Eagles: The only scenario where Zach Ertz garners significant trade value

As the weeks go on, Eagles fans are still wondering when a possible Zach Ertz trade will happen.

Now that we’re past June 1, cutting or trading Ertz will earn the Eagles an extra $8.5 million in cap space. According to the NFLPA Public Salary Cap report, Philly has about $4.9 million in cap space to work with.

They just signed rookie JaCoby Stevens, who will carry a cap hit of $692,677, leaving just one rookie unsigned at this point, second round pick Landon Dickerson. Thanks to the league having salary structures for rookies, we have an idea of what Dickerson’s contract will look like. His cap hit should come out to about $1.5 million.

So once each rookie is signed, the team will have approximately $2.5 million in cap space to work with, assuming the NFLPA’s report hasn’t adjusted the Eagles cap hit after the Stevens signing yet.

They don’t technically need to shed Ertz’s cap before the season, which was the general consensus around the league for the past few months. If that were the case, the Eagles would have no leverage whatsoever. Now that it’s pretty clear they’ll be fine without dealing Ertz and his contract, they can play a little hard ball with potential trade partners.

But with the recent signing of veteran tight end Richard Rodgers, the could entail a Zach Ertz departure is on the horizon. Even if some Eagles players are confident that Ertz will return to the team.

Howie Roseman has stated time and time again this offseason that he won’t deal Ertz just because he wants out. Roseman wants some significant value for his former All-Pro tight end. You can’t really blame him for that.

The general idea around the Ertz-Eagles dilemma is that if the team continues to hold out on trading him, the value he’ll bring in return will continue to dwindle. But I actually don’t see it that way. There’s only one scenario where Ertz garners solid value on the trade market, and that’s if a team’s starting tight end goes down with a significant injury during offseason workouts or training camp.

Now obviously we shouldn’t be hoping that happens just so we get something higher than a fifth round pick in return for Ertz, it’s just the reality of the situation.

As Eagles fans, we’ve seen this type of stuff happen in the past. Take the Sam Bradford trade in 2016 as an example. If Vikings quarterback Teddy Bridgewater didn’t go down with a season ending injury prior to the season, there’s no way Bradford would’ve garnered a first round pick in a trade.

The Eagles got pretty lucky in that situation, but why should they treat this Ertz situation any differently? Regardless of how slim the chances are of a starting tight end going down with an injury prior to Week 1, what do the Eagles have to lose by waiting?
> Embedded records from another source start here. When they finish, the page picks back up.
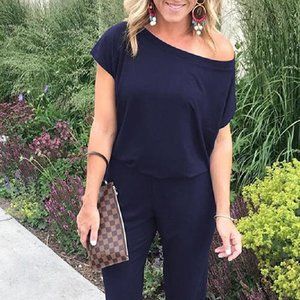 MOUNTAIN VALLEY TRADING Pants & Jumpsuits - NEW BLACK OFF SHOULDER JUMPSUIT PANT ROMPER MOUNTAIN VALLEY TRADING Pants & Jumpsuits - NEW BLACK OFF SHOULDER JUMPSUIT PANT ROMPER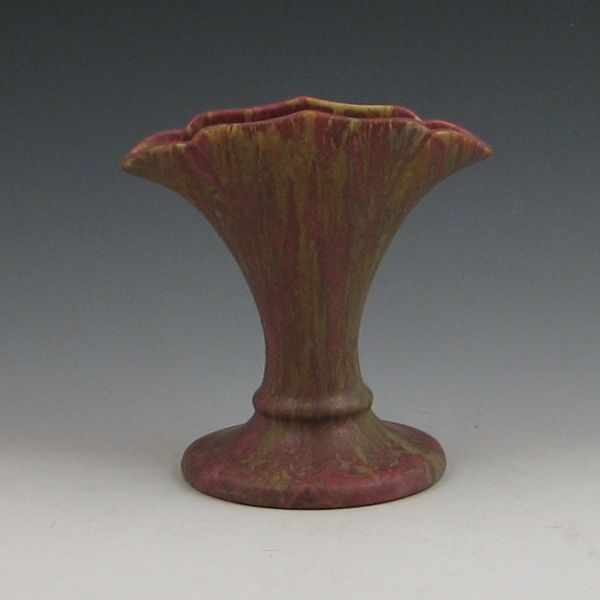 Appraisal: Roseville Carnelian II - '' fan vase Marked with Rv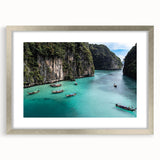 Framed landscape wall art featuring a serene beach scene with vibrant colors, silver matting, and a sleek frame, perfect for modern home decor.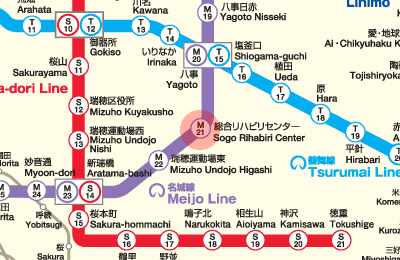 M21 Sogo Rihabiri Center station map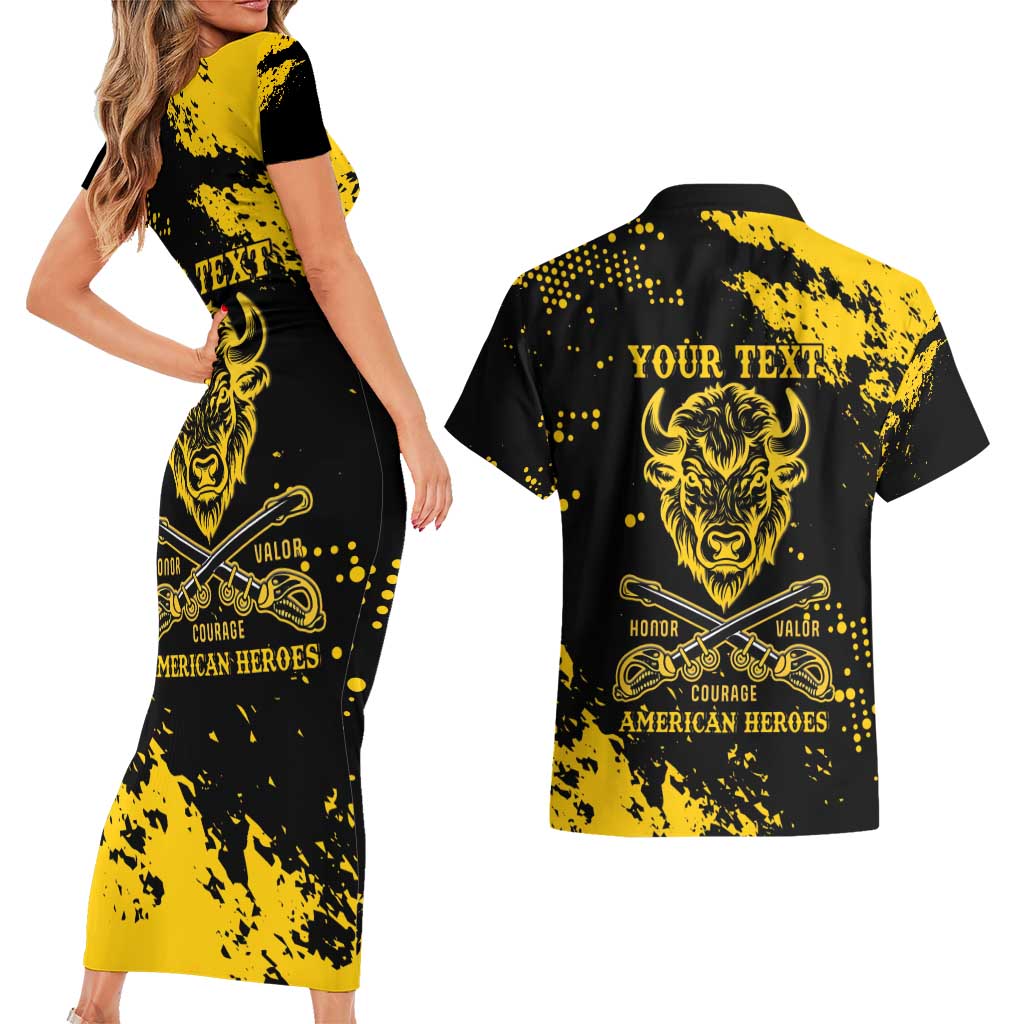 Personalized Bison Buffalo Soldiers Couples Matching Short Sleeve Bodycon Dress and Hawaiian Shirt American Heroes - Black Grunge Style - Wonder Print Shop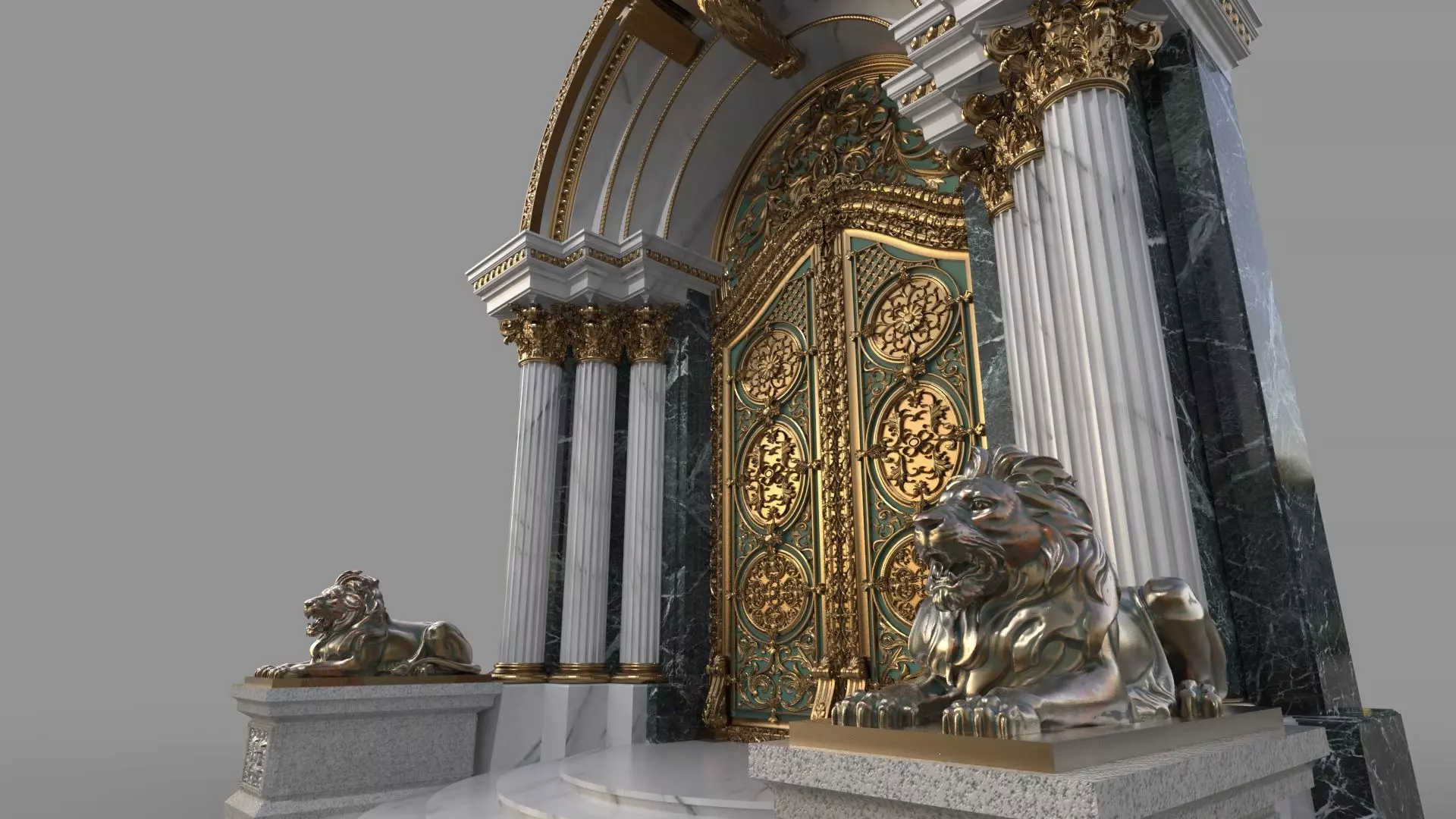 Gothic architecture European style door  lion sculpture 3D model_7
They have enough cap space to enter the season without cutting or trading Ertz and they won’t get anything better than a sixth round pick if they trade him right now.
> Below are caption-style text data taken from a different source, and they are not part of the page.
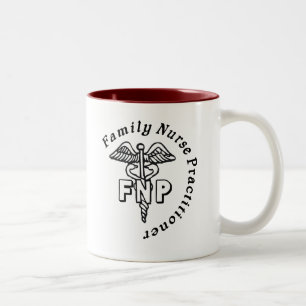CADUCEUS FNP FAMILY NURSE PRACTITIONER Two-Tone COFFEE MUG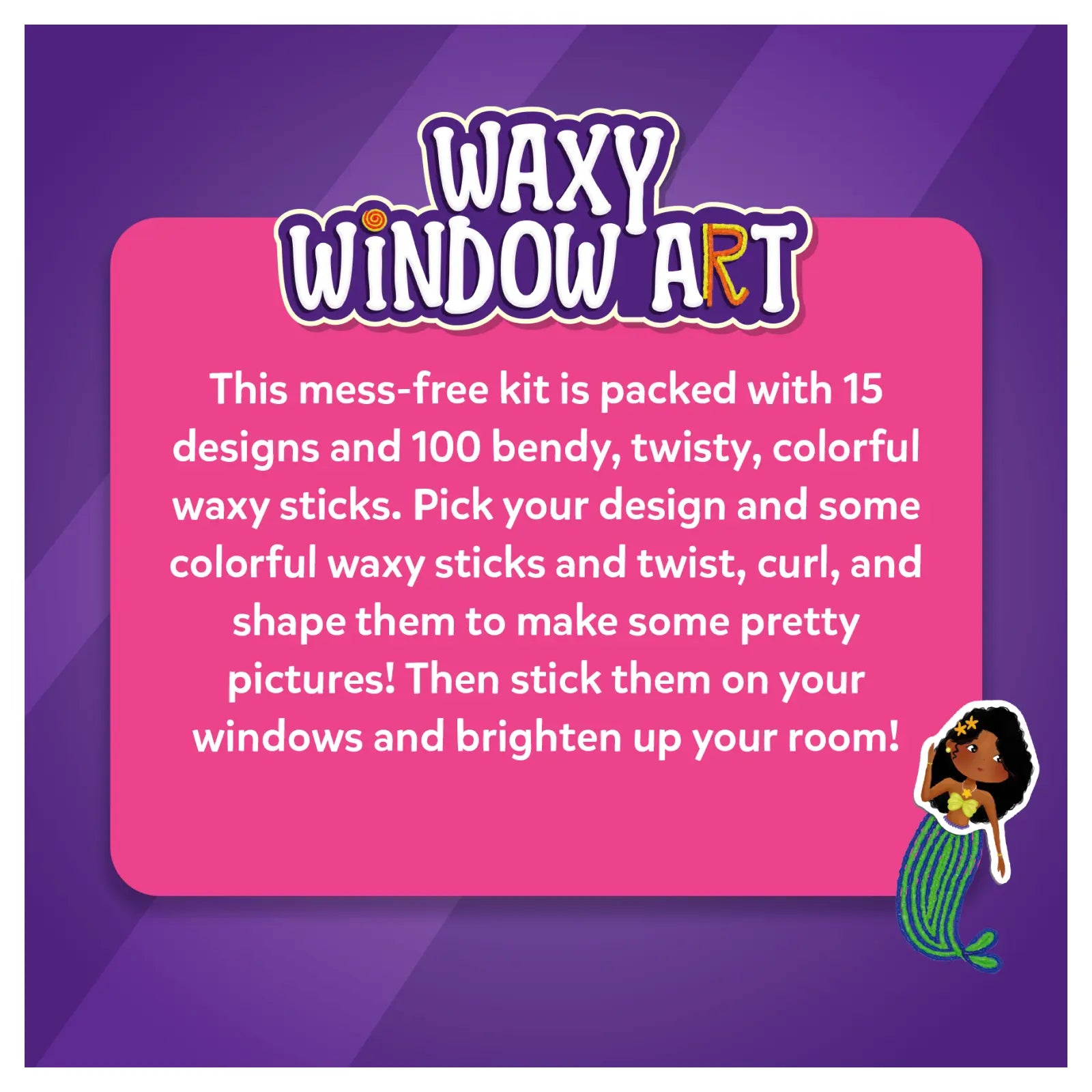 Waxy Window Art Kit for Kids Featuring Pretty Pictures DIY Craft Set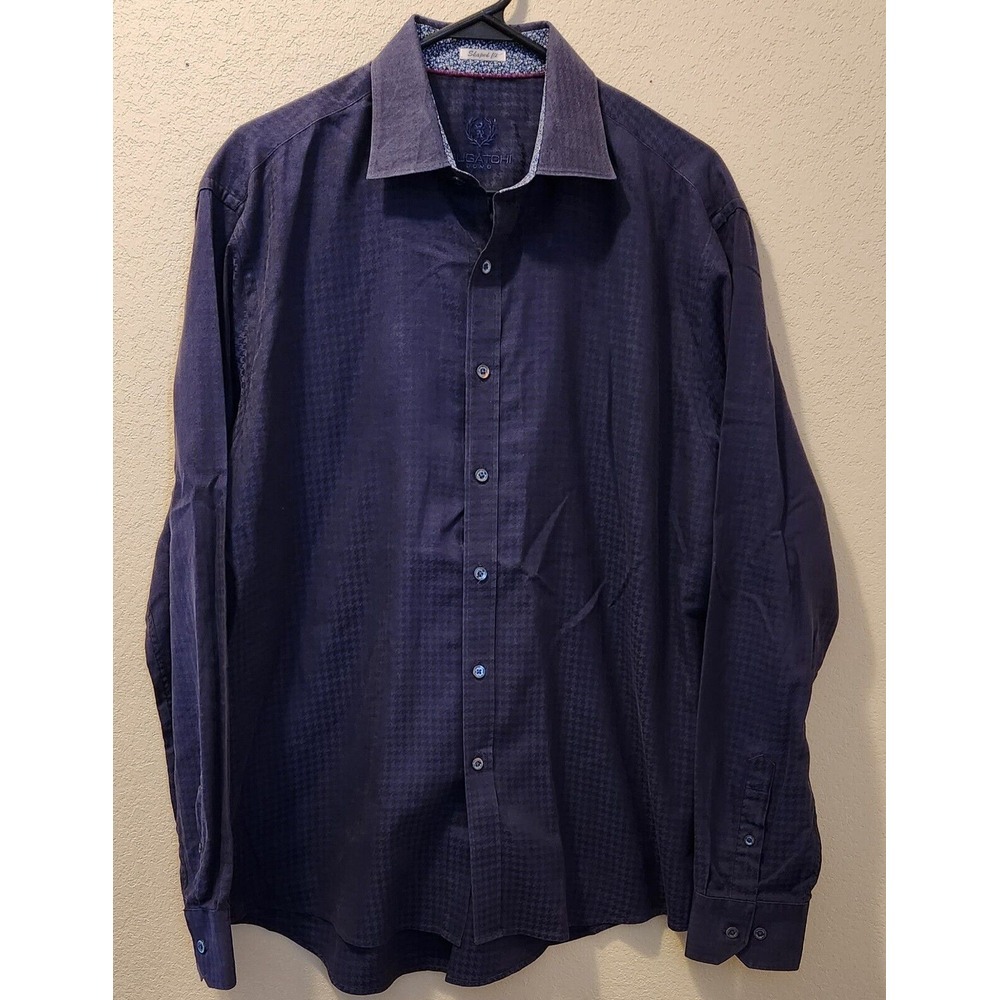 Bugatchi Mens XL Shirt Domo Shaped Fit Blue & Black Check Button-up Long Sleeve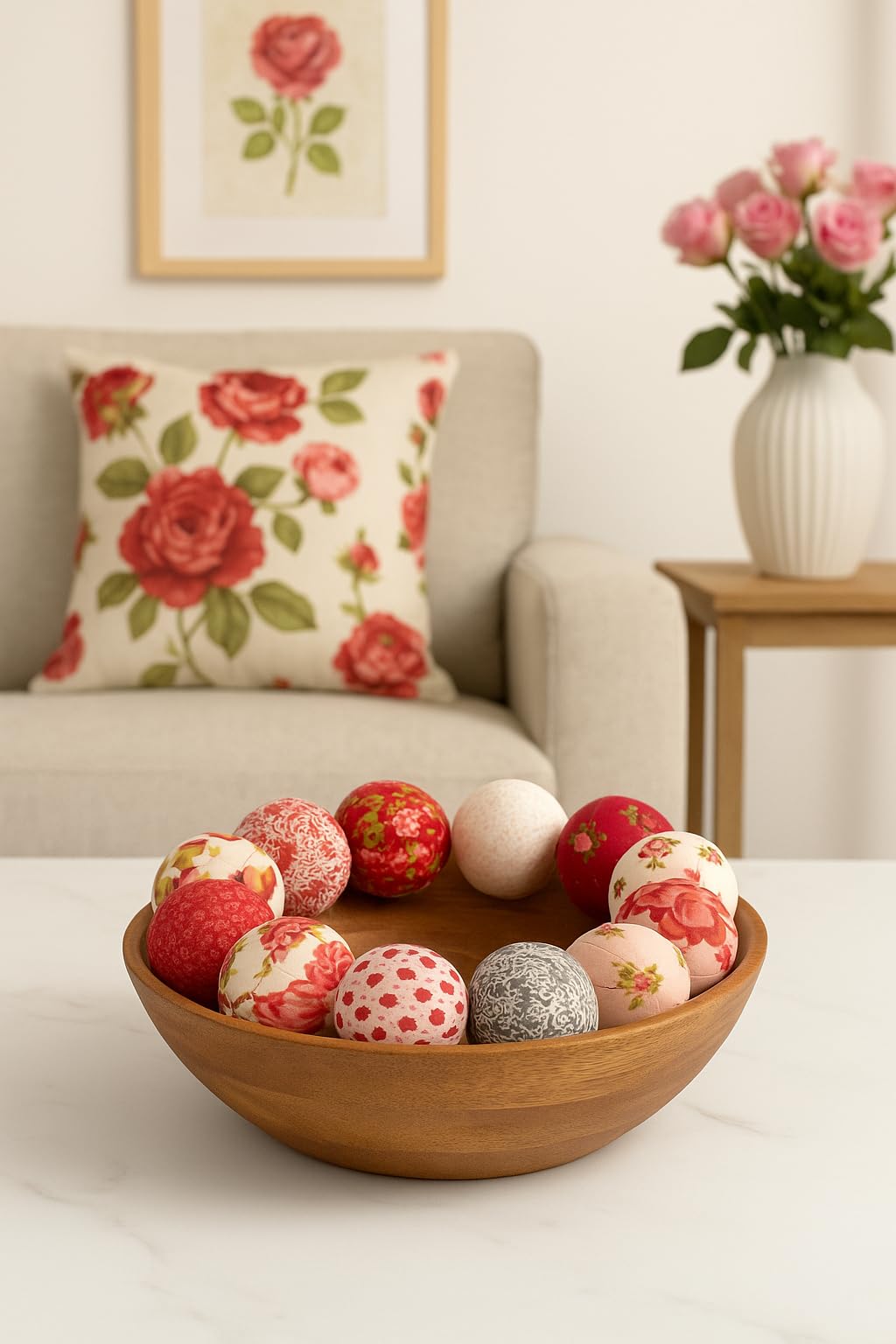 Lightweight virtually unbreakable decor balls in fabric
Maybe Howie could work some magic and get a fourth or third round pick, but that would be highway robbery and whichever team puckers up for that deal should be mocked.
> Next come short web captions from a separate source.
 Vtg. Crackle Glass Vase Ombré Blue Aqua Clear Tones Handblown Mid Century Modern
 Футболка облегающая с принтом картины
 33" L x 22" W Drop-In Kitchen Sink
Say that doesn’t happen and the Ertz trade market is still dry, then what?

Well, Ertz can forego some of his salary for each practice he misses and continue to hold out, but that’s on him at that point. He’s under contract with the team, the team isn’t obligated to give him a pay raise or get rid of him while he’s under contract. Especially after coming off his worst statistical season as a pro.

I love Ertz just as much as the next guy. But you signed a contract and you played like shit last season. You can’t just demand a trade when your value is at an all-time low and expect the team to give in. The NFL is a business and the Eagles organization understands that.

I’ve said numerous times throughout the offseason that an Ertz trade will happen any day now, but at this point, the Eagles should just wait until they get a good offer. They don’t need to shed his cap space and there’s always a chance that a team will send more value than expected if they deem it necessary.